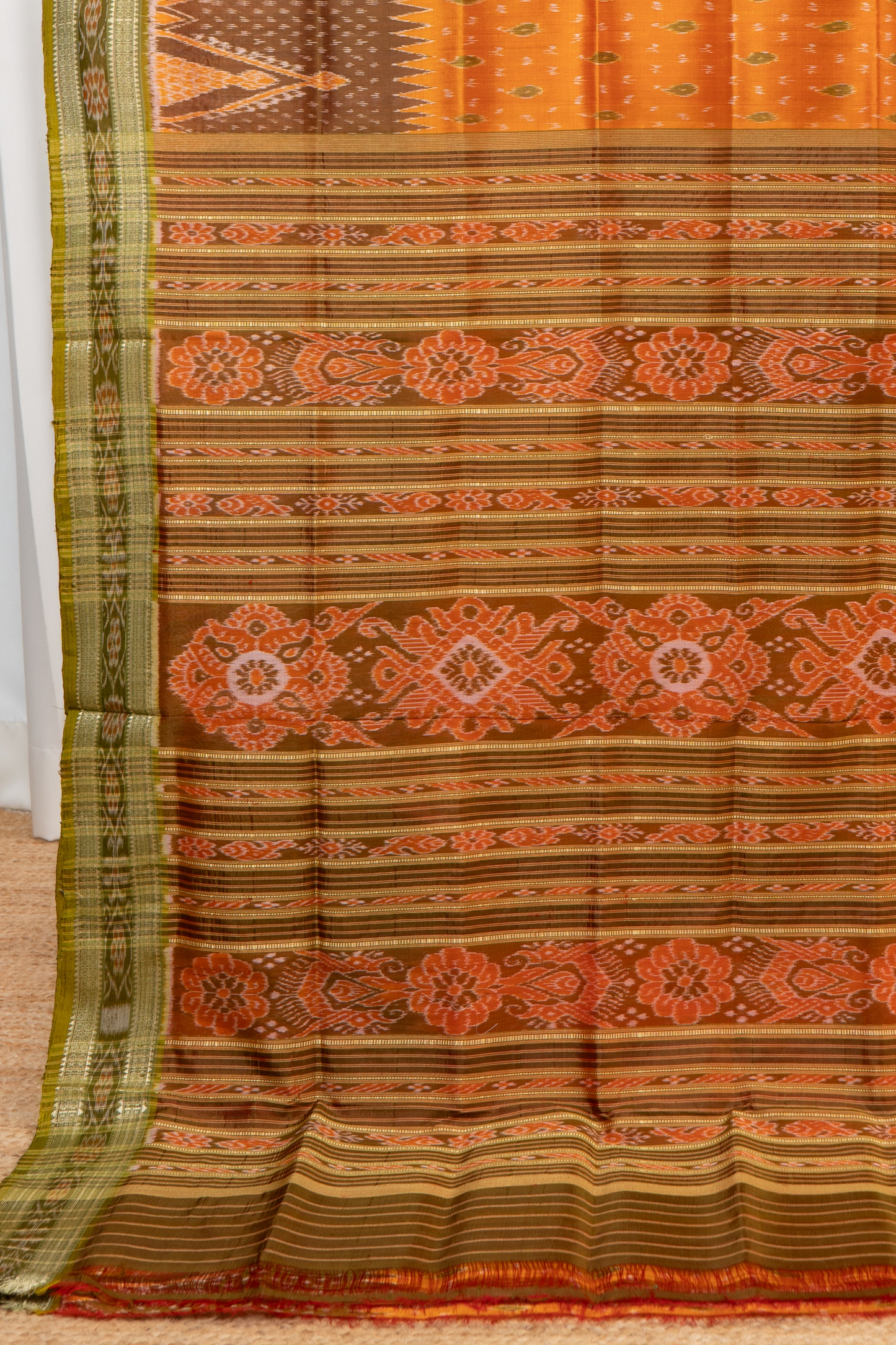 Odisha Ikkat Khandua Pure Silk Saree- Orange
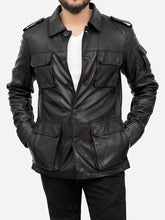 Load image into Gallery viewer, Jasiel Classic Sheepskin Vintage Black Leather Jacket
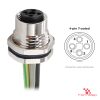 M12 T-Coded Panel-Mount Receptacle, Pre-Wired Leads, female straight, front mount M12 T-Coded Panel-Mount Receptacle, Pre-Wired Leads, female straight, front mount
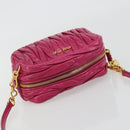 Miu Miu Matelasse Shoulder Bag Leather Pink Gold Auth 190334A-6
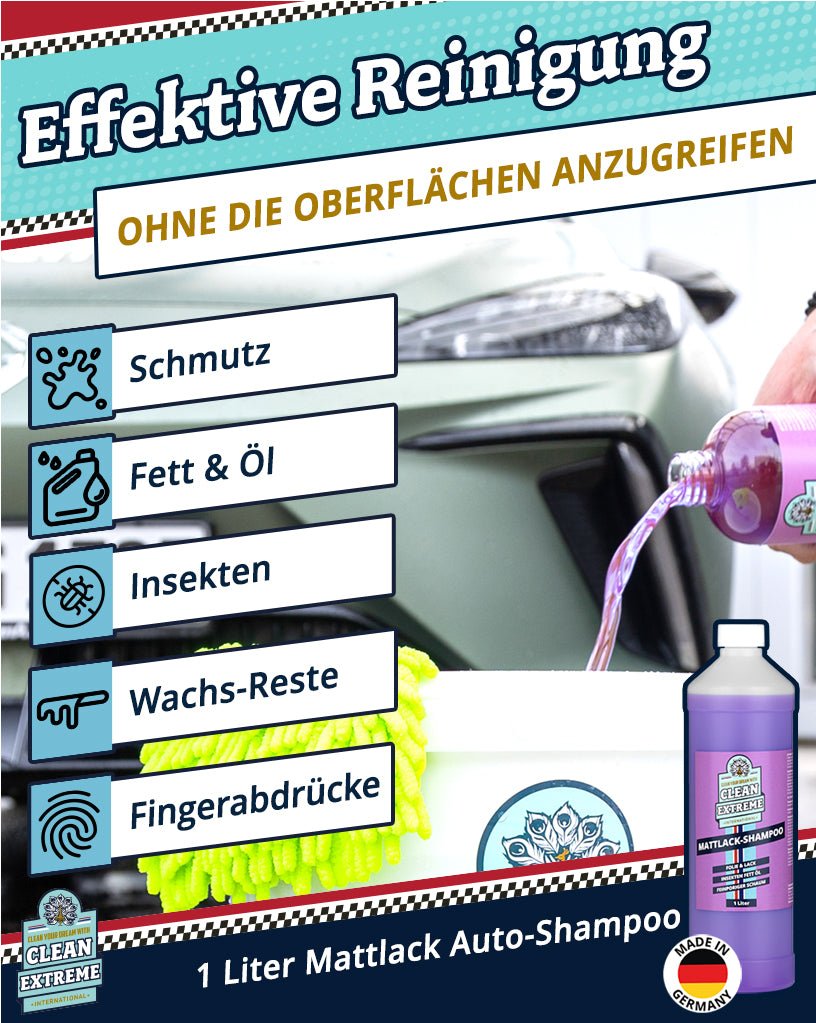 Auto - Set Mattlack / Mattfolie – Reinigung + Pflege MEDIUM - CLEANEXTREME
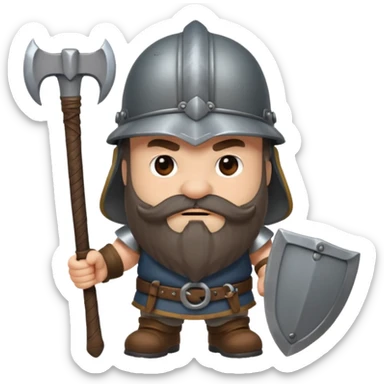 gimli the dwarf, dark brown beard, gray metal helmet, battle axe sticker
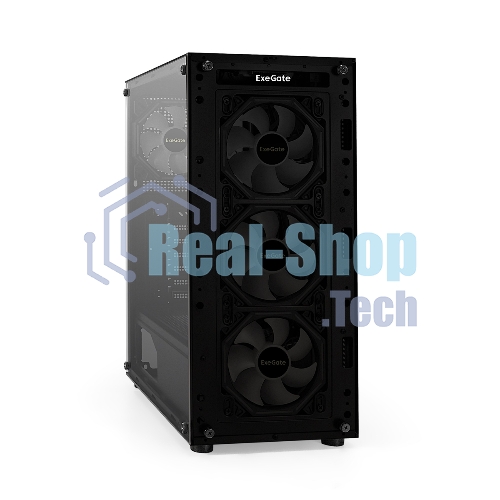 Компьютерный корпус Miditower ExeGate i3 BASE-NPX700 (ATX, БП 700NPX с вент. 12 см, с окном, 1*USB+1*USB 3.0, аудио, 4 вент. 12см с RGb подсветкой)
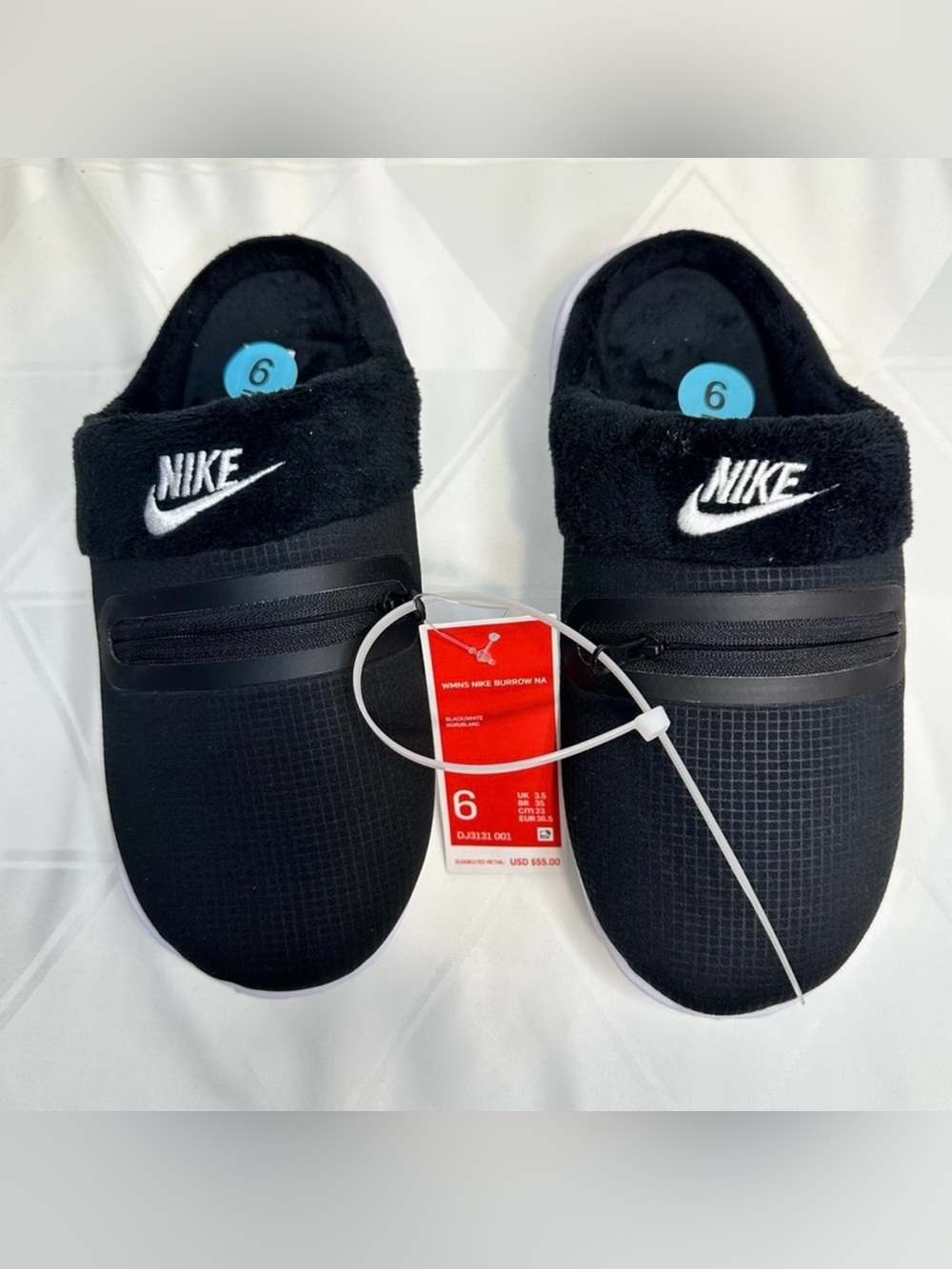 Nike Burrow Women's Black & White Slip On Casual Slide Slippers DJ3131-001 Sz 6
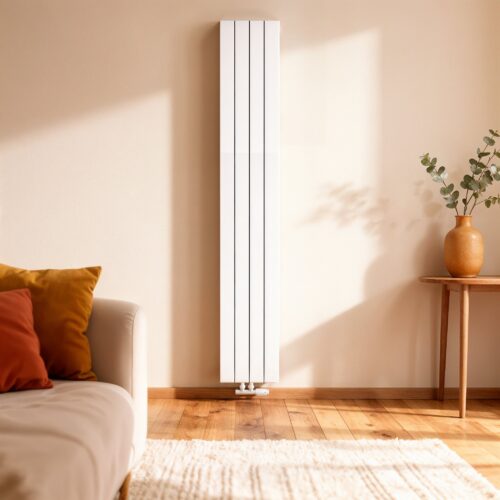 Thermrad AluStyle Plus Thermrad Alustyle Plus - Verticale radiator in woonkamer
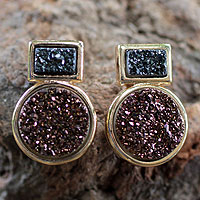 Gold plated drusy dangle earrings, 'Misty Midnight' - Brazilian 18k Gold Plated Drusy Agate Earrings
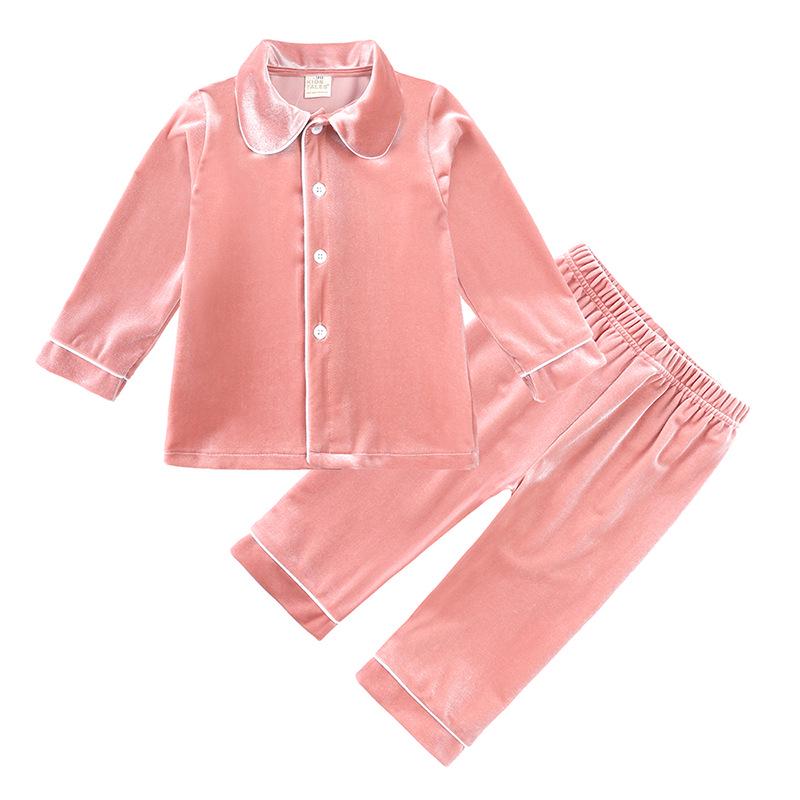 Children's Gold Velvet Pajamas - Autumn/Winter Homewear for Boys and Girls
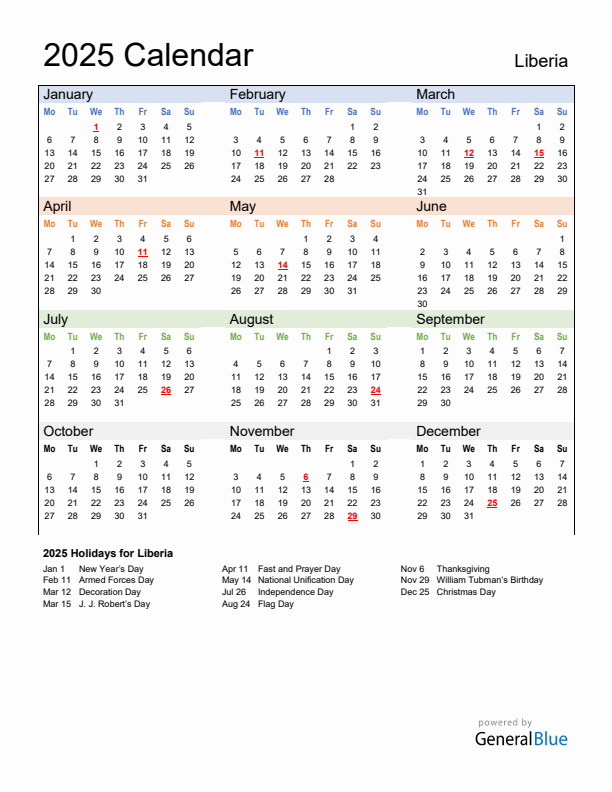 Calendar 2025 with Liberia Holidays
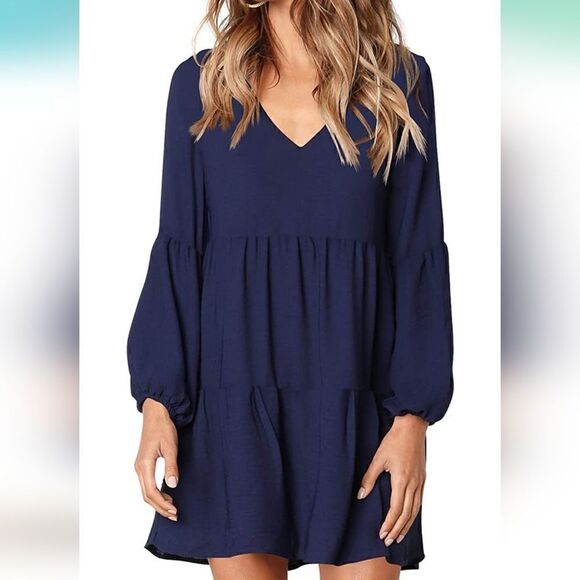 Cosonsen Swing Shift Long Sleeve V Neck Tunic Dress - Picture 1 of 13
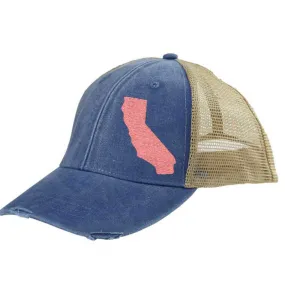 California Hat | Distressed Snapback Trucker | state cap | many color choices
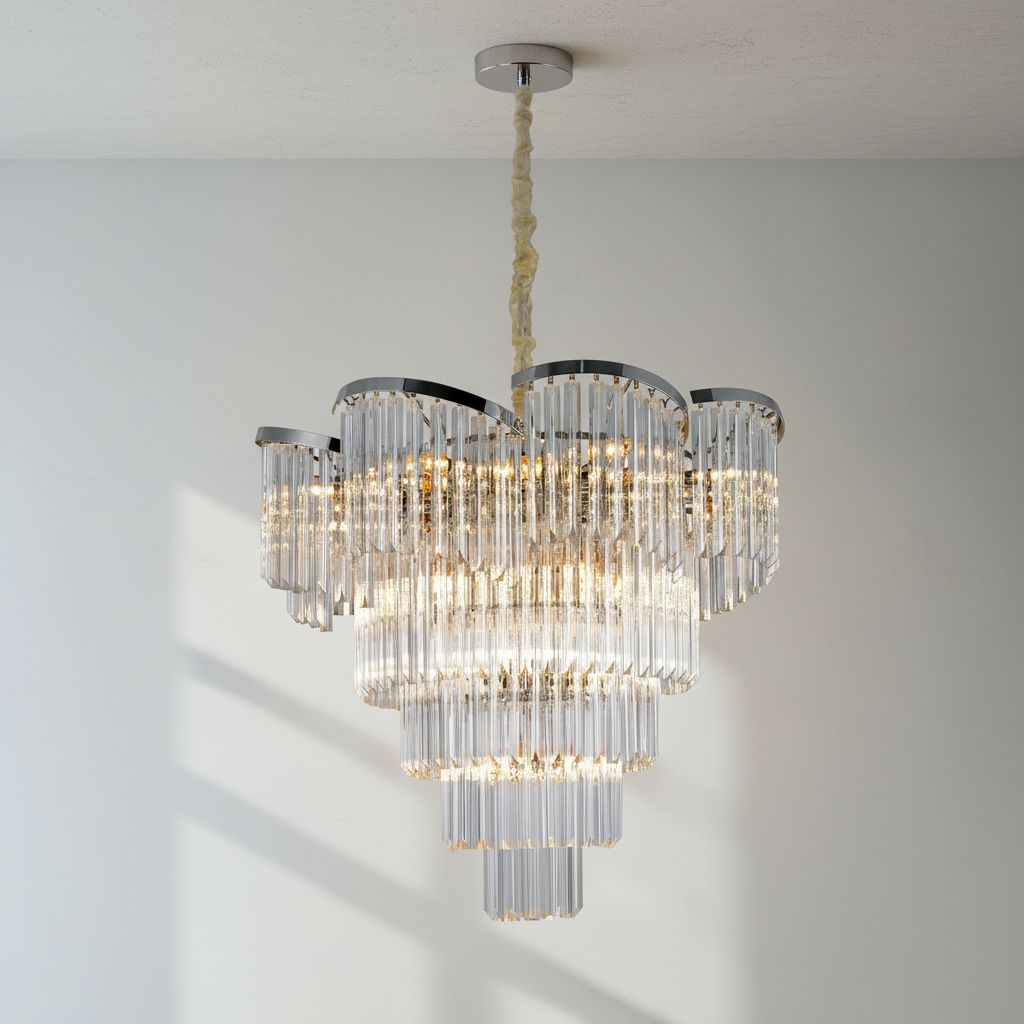 Riviko Radiant Bloom Round Crystal Chandelier - Background Shot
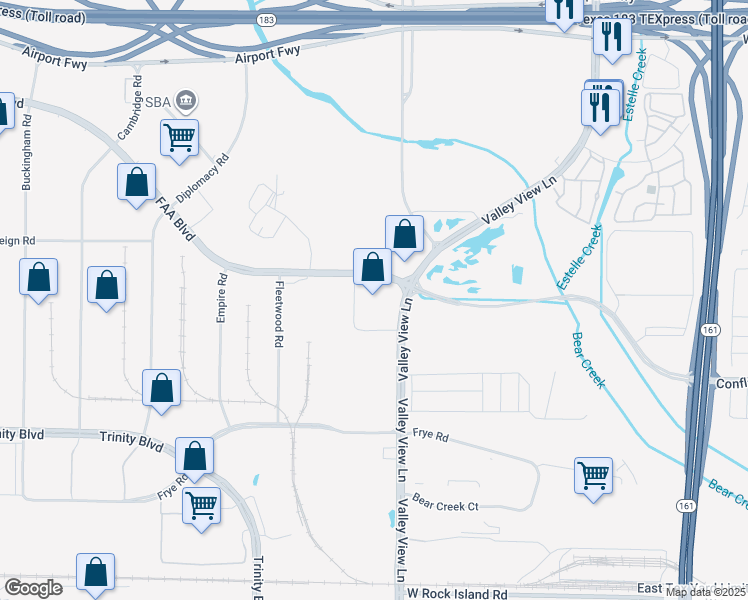 map of restaurants, bars, coffee shops, grocery stores, and more near 1111 Valley View Lane in Irving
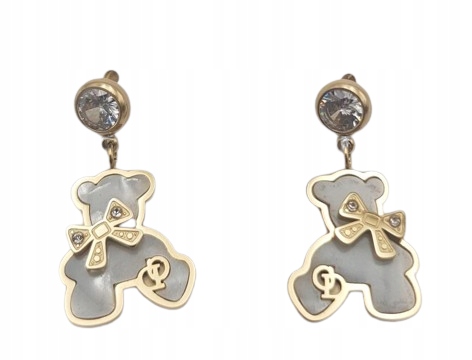 Xuping - piękne kolczyki stal chirurgiczna miś masa perłowa cyrkonia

(WHAT YOU HAVE TO DO)
With the pictures left out, output the lines from the one containing "Cosonsen Swing Shift Long Sleeve V Neck Tunic Dress - Picture" through the last line of the records above, exactly as they are.

(WRITTEN RESPONSE)
 Cosonsen Swing Shift Long Sleeve V Neck Tunic Dress - Picture 1 of 13
 California Hat | Distressed Snapback Trucker | state cap | many color choices
 Riviko Radiant Bloom Round Crystal Chandelier - Background Shot
 map of restaurants, bars, coffee shops, grocery stores, and more near 1111 Valley View Lane in Irving
 Xuping - piękne kolczyki stal chirurgiczna miś masa perłowa cyrkonia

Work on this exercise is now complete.